Henry Kissinger, former US secretary of state and one of the most controversial Americans of the twentieth century, has died at the age of 100 in Connecticut. Kissinger's death was reported by Kissinger Associates, Inc in a statement. Kissinger's legacy remains intertwined with the death toll of several million during America's humiliating defeat in the Vietnam War and his ability to establish Washington-Beijing ties through an astute blend of people-to-people ties and covert interactions of unprecedented natures in the early 1970s.

Kissinger died at his home in Connecticut, Kissinger Associates said. He was awarded Nobel Peace Prize "for jointly having negotiated a cease-fire in Vietnam in 1973".

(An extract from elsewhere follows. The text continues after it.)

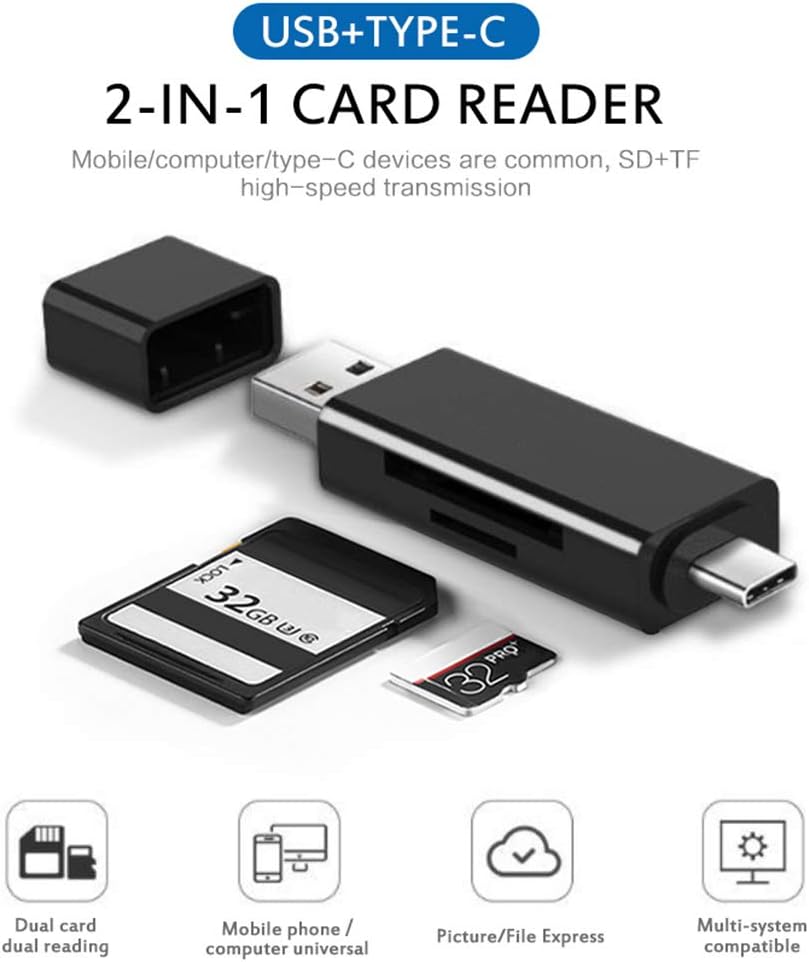 USB-C SD Micro SD memory card reader with black plastic casing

Kissinger was active during his last months and attended meetings in the White House, where he was revered even in unofficial capacities. In July 2023, he made a surprise visit to Beijing to meet Chinese President Xi Jinping, a diplomatic opening he helped open up nearly five decades ago, in one of the most significant geopolitical events of the twentieth century. 

The scholar-turned-diplomat advised a dozen US Presidents, from John F. Kennedy to the current President Joe Biden. A German-Jewish refugee in the United States, Kissinger is celebrated, reviled, and denounced in different parts of the world. 

Kissinger often trampled upon the purported American values, Washington officially advocated during and even after the Cold War, to meet American interests. 

Kissinger deployed ambition and intellect to remake the American relationship with the Soviet Union during the Cold War. His ability to put the notion that 'America has no permanent friends or enemies' into the geopolitical vogue of the twentieth century continues to mark Washington's present-day worldview. 

He is hailed as an ultra-realist who, for better or worse, transformed every diplomatic equation he touched. Between Kennedy and Biden, and from Vietnam to Iraq to Afghanistan, Kissinger's role remained indispensable to Washington's corridors of power, in every war waged by the US.